だから、正確に理解したかどうか不安だから同じ話を何度も繰り返す。どうしても話がくどくなる。余計聞く耳を持たなくなる。理解しようとしなくなる。しかし繰り返すと少し改善する。だからまた同じ話を繰り返す。飽きてくる。聞きたくない。 …悪循環だ。

簡潔にわかりやすく伝える努力はしなければならない。それは伝える側として当然。
だけど、わかりやすい説明でなければ理解できなくなってしまうのは少しまずいのではないか?
少々わかりにくい説明でもそれを理解しようとする「受け手側の努力」もホントは大切なのではないか?
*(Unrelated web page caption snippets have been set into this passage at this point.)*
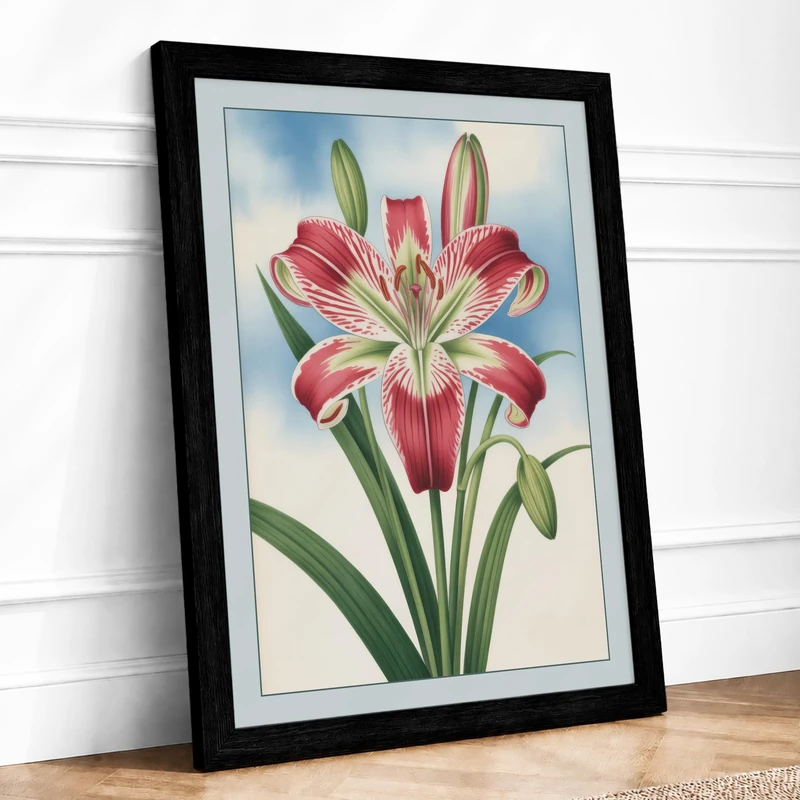 Amaryllis in Bloom Botanical Framed Wall Art Print A1 (84.1×59.4cm) Black, Wall Decor for Living Room, Bedroom, Office & Home, Ready to Hang, Art Gift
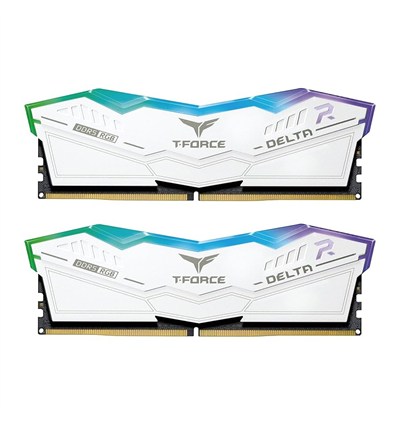DDR5 RAM 32GB KIT 2x16GB PC 6000 Team T-Force Delta RGB CL30 FF8D532G6000HC30DC01 bianco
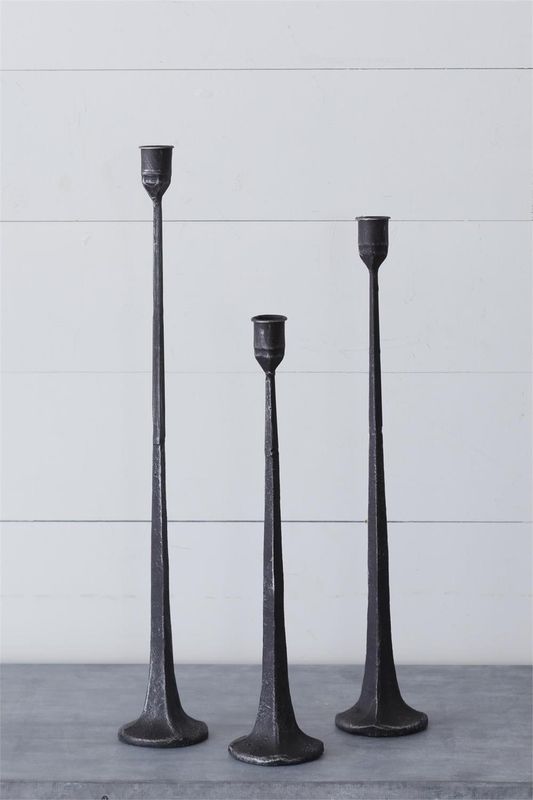 Tall Black Wrought Iron Taper Holders, Set Of 3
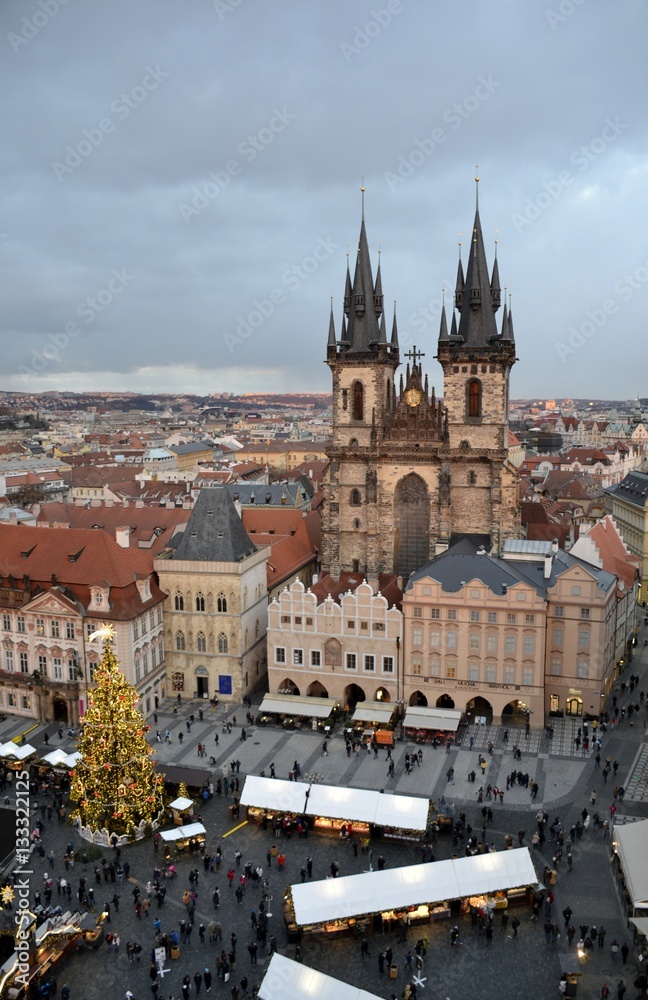 Fototapeta premium Architecture from Prague in Christmas and cloudy sky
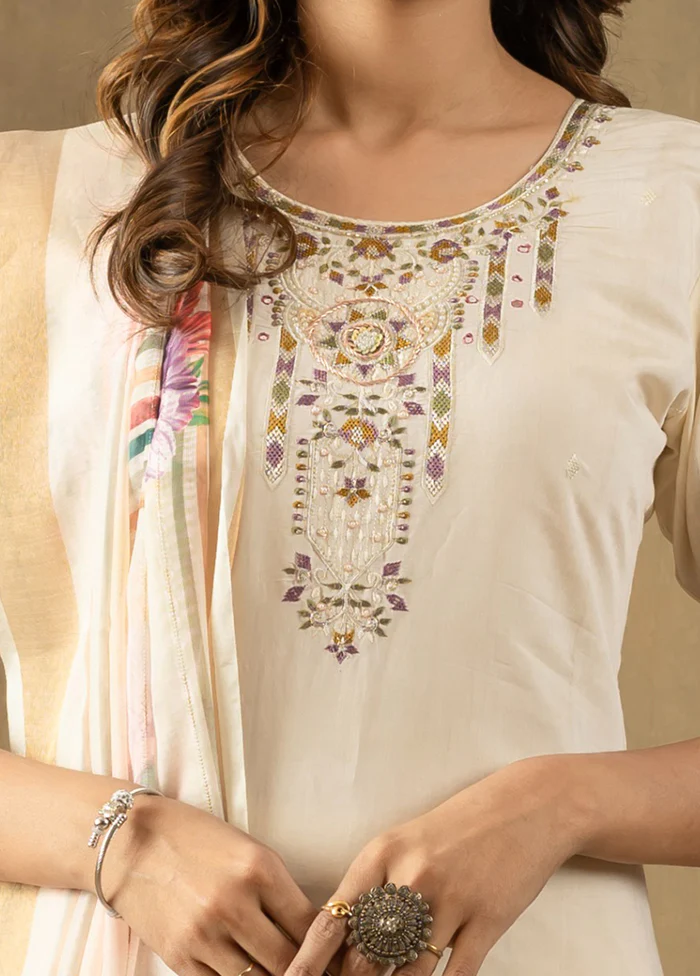 3 Pc Cream Silk Suit Set - Image 2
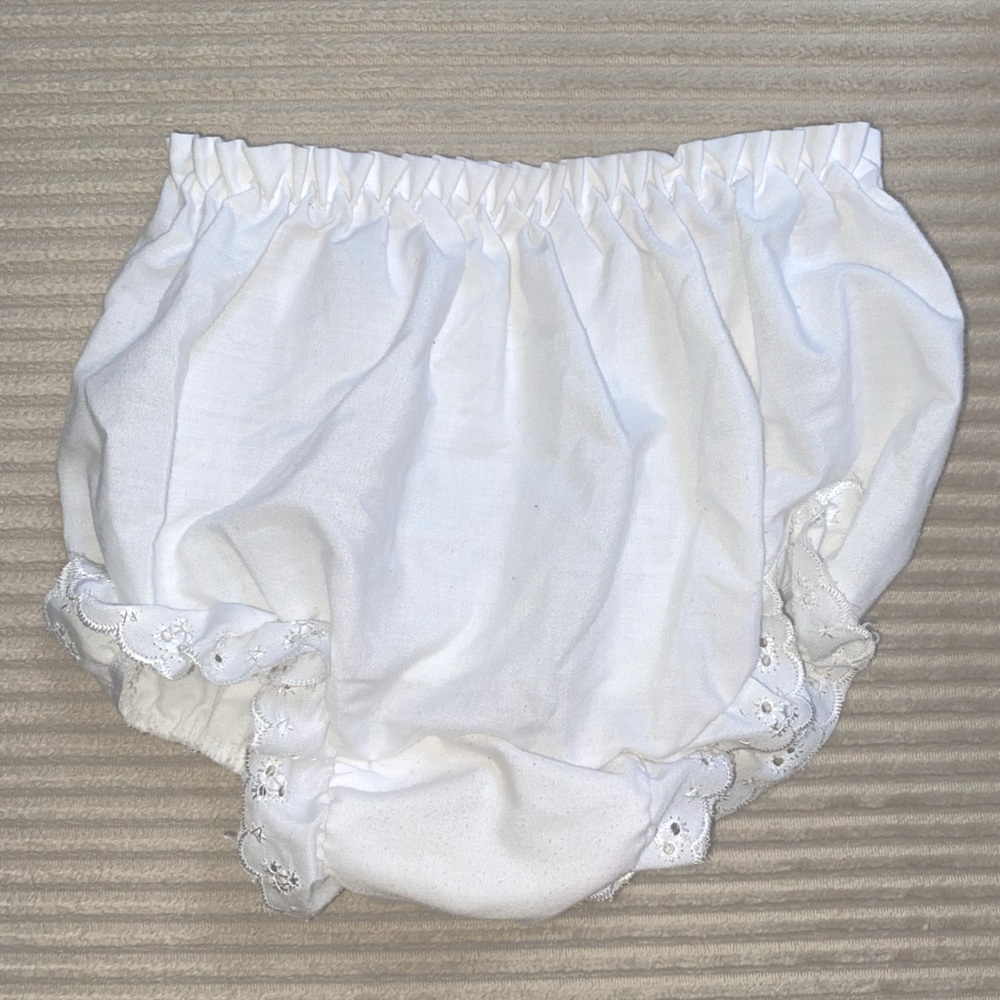 White w/ Eyelet Trim Bloomers Diaper Cover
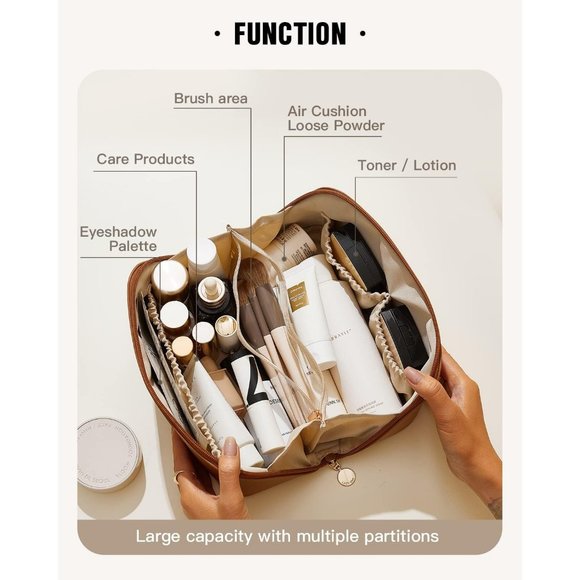 Women Large Waterproof Flat Toiletry Travel Make Organizer With Divider Handle - Picture 2 of 9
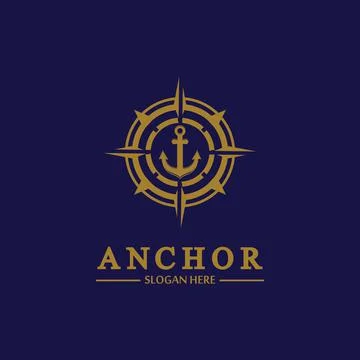 Anchor compass concept icon Logo vector illustration design,Nautical logo tem Stock Illustration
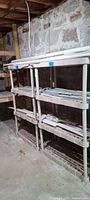Pair of beige plastic shelving units in basement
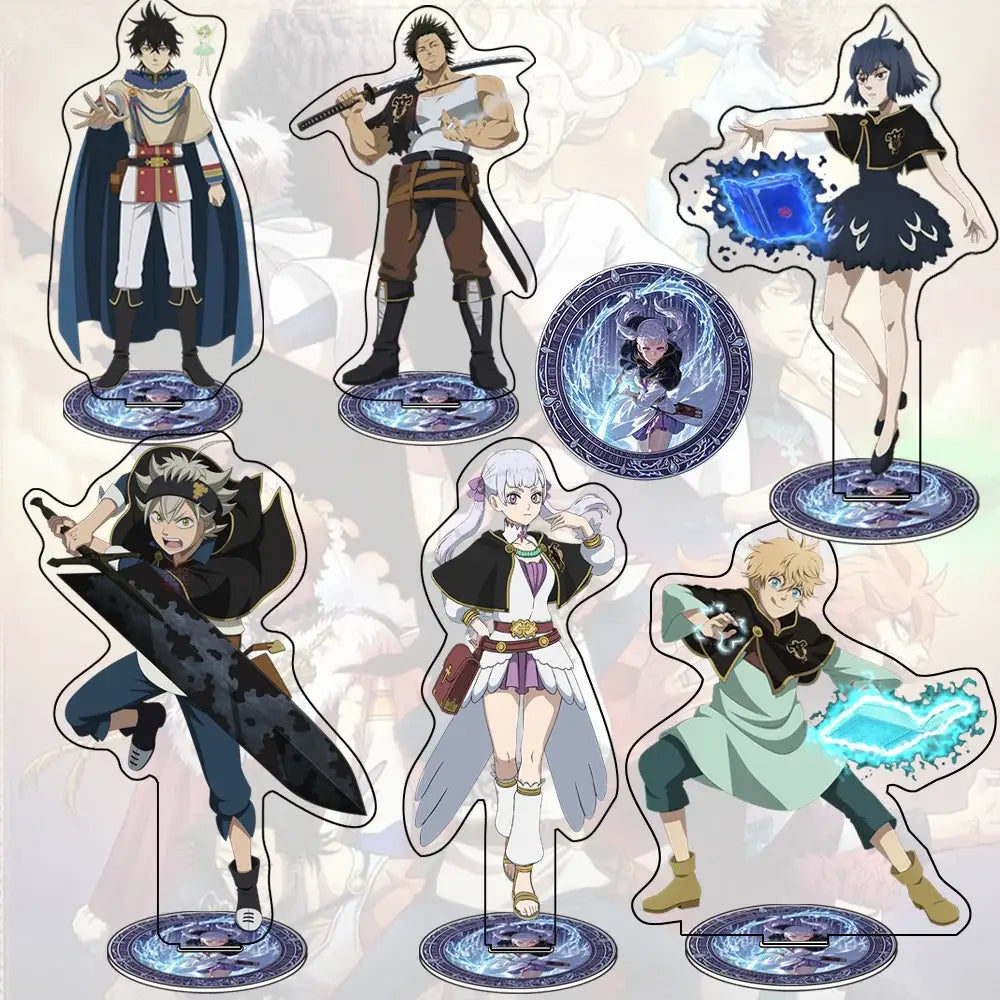 Black clover asta acrylic stand featuring a black and white design with silver accents and a glowing blue orb on acrylic desk decor
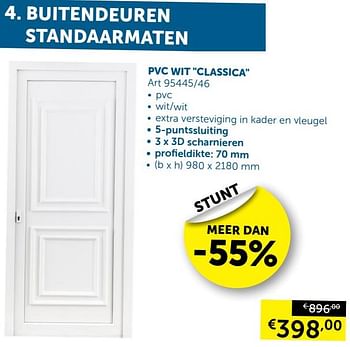 Promoties Buitendeur pvc wit classica - Classica - Geldig van 24/09/2019 tot 21/10/2019 bij Zelfbouwmarkt
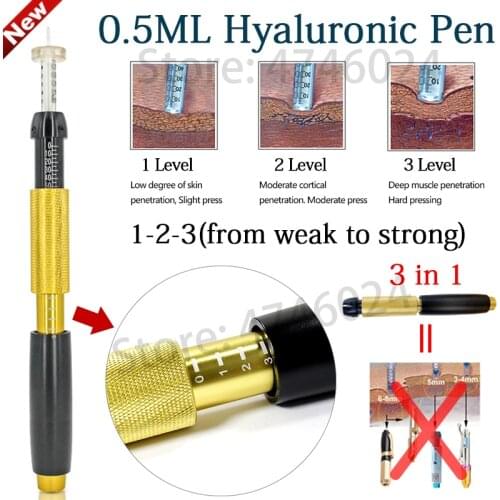 0.5ML Multi level Adjust Atomizer Hyaluronic Pen High Pressure injection gun for Wrinkle Removal Lip deep filler Lifting ampoule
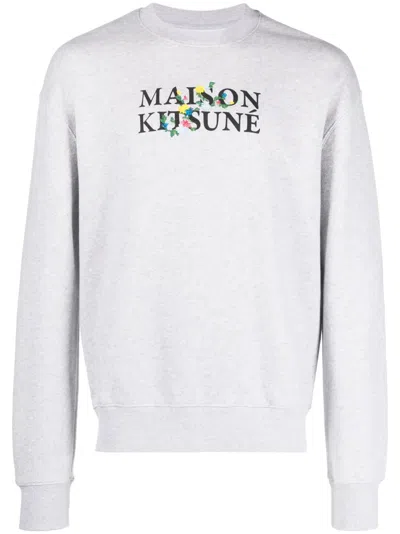 Maison Kitsuné Flowers Comfort Sweatshirt In White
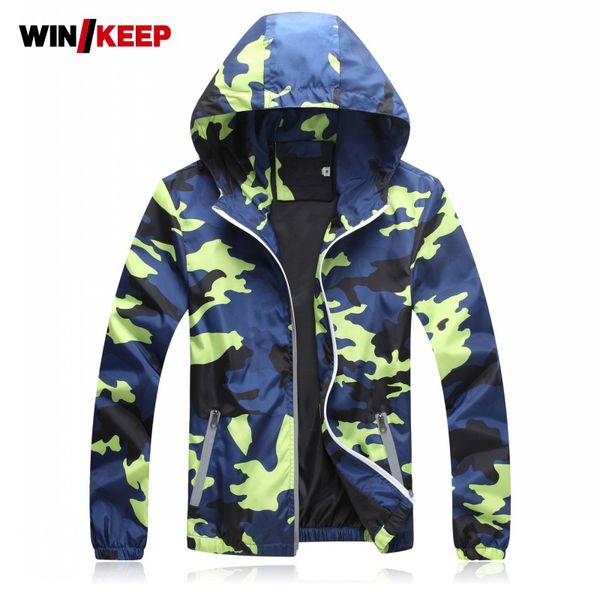 

2020 новый камуфляж printed мужчины женщины куртки с капюшоном охота скалолазание hooded coat рыбалка спорт на открытом воздухе ветровку, Blue;black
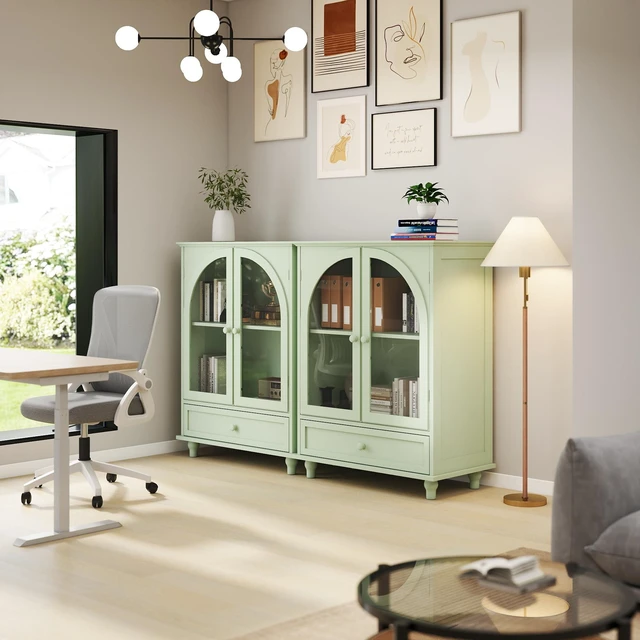 Alt view image 5 of 7 - Farmhouse Sideboard with Double Arched Glass Doors, Green Storage Cabinet with Tiered Top & 1 Drawer for Kitchen, Living Room, Coffee Bar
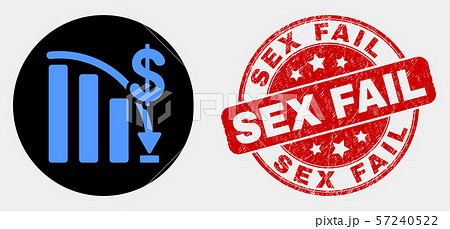 Vector Crisis Bar Chart Icon and Distress Sex Fail Watermark 57240522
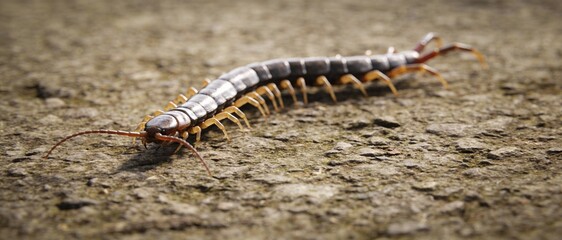 A close-up of a centipede crawling on a textured surface, showcasing its segmented body and numerous legs.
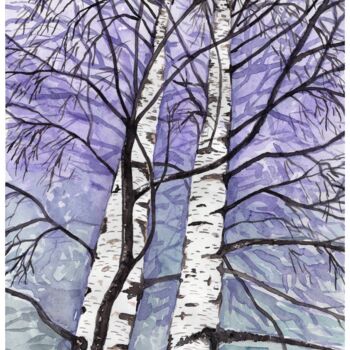 "Two birches" başlıklı Tablo Юлия Нагорная tarafından, Orijinal sanat, Suluboya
PISA調査において日本の子供達の読解力低下が問題になった頃、ある研究会でその対策キーワードに「不親切」をあげたことがある。他の人はさぞ訝しく思ったに違いない。
今は何をするにも親切丁寧で、失敗をさせない、苦労をさせないことに重点が置かれることが多い。私はいつもそのことについて「上手くいかない余地」を与えない、すなわち「失敗する」という出来れば避けたいけれどしかし実は貴重で大切な体験をする機会を奪っているように思っていたのだ。
周りが親切すぎるのは「自ら考える力」を奪っている最大の原因だと考え、その対策として、あえて「不親切」を提唱してみたのだ。
今もその考えは変わらない。さらに「不親切」のあとには「ひたすら待つ」べきだとも思っている。

今「読解力」問題は「生きる力」問題に発展している。
中央教育審議会答申(1998.6.30)で提示されている「生きる力」とは、
・自分で課題を見つけ ・自ら学び ・自ら考え ・主体的に判断し、行動し ・よりよく問題を解決する能力 ・自らを律しつつ ・他人と協調し ・他人を思いやる心や ・感動する心など ・豊かな人間性とたくましく生きるための ・健康や体力
を指している。

なんだ、いつもTSWのみんなに言っていることだよ。

何でもかんでも正解することが大切で、間違えることはとても恥ずかしい。だから出来るだけ間違えないようにしたい。しかも正解を出すことで苦労したくない。だから答えを教えてくれない指導は嫌われる。プロセスはどうでも良くて、正解であるかどうかでしか価値が見いだせないのだ。
ゲームにしたって、ゲームの攻略本ですぐ答えを与えられてしまえばつまらないものだと思うのだが…。それが続けば上記のような「生きる力」は付くはず無いのに、と思う。

私は音楽をやっているが指揮者(指揮の専門家)ではない。吹奏楽の合奏で指揮棒を振るが指揮棒のみで100%音楽を表現できるほど棒の技術を持ち合わせてはいない。
しかし、毎日顔をつきあわせているメンバーはボクのヘタクソな棒を理解してくれている。(合わせなきゃ怒られるしね。)
そこには解りにく棒ではあるけれど理解しようとする気持ちとか合わせようとする決意、癖なども読んで意図を再現したい、という前向きな気持ちがあるように思う。(あって欲しいと思う、が正解かも)

一方、素晴らしい棒の技術を持ち合わせている方々は、相手が初対面だろうと初心者だろうとなんだろうと、指揮棒の一振りで音や、音楽をコントロールすることが出来る。少ない練習で効果的にこちらの思った通りに音を出してもらわなければ仕事にならないので、さらに棒を振る技術に磨きがかかる。 当たり前だが、だからプロの指揮者と呼ばれる訳だ。
その場合、棒で明確な指示を貰えるので、演奏者は棒の通り音を出しさえすればいいので、あまりいろんなことに気を遣うことなく楽に演奏できる。
だが、とりあえず指示通りの破綻のない音を出しているだけで、そこに音楽の喜びとかアンサンブルの妙味とかがたくさんあるかどうか疑わしいかもしれないのだ。

とにかく指示通り何かをさせることと、こちらの意図や思いを相手に正確に伝達することは全く意味が違うと思う。
指示通り何かをさせるのことですら苦労するような人たちに、こちらの意図や思いをきちんと伝達し記憶に定着させ必要なときに引き出せるようにする、ということは、本当に至難の業に思えてくる。。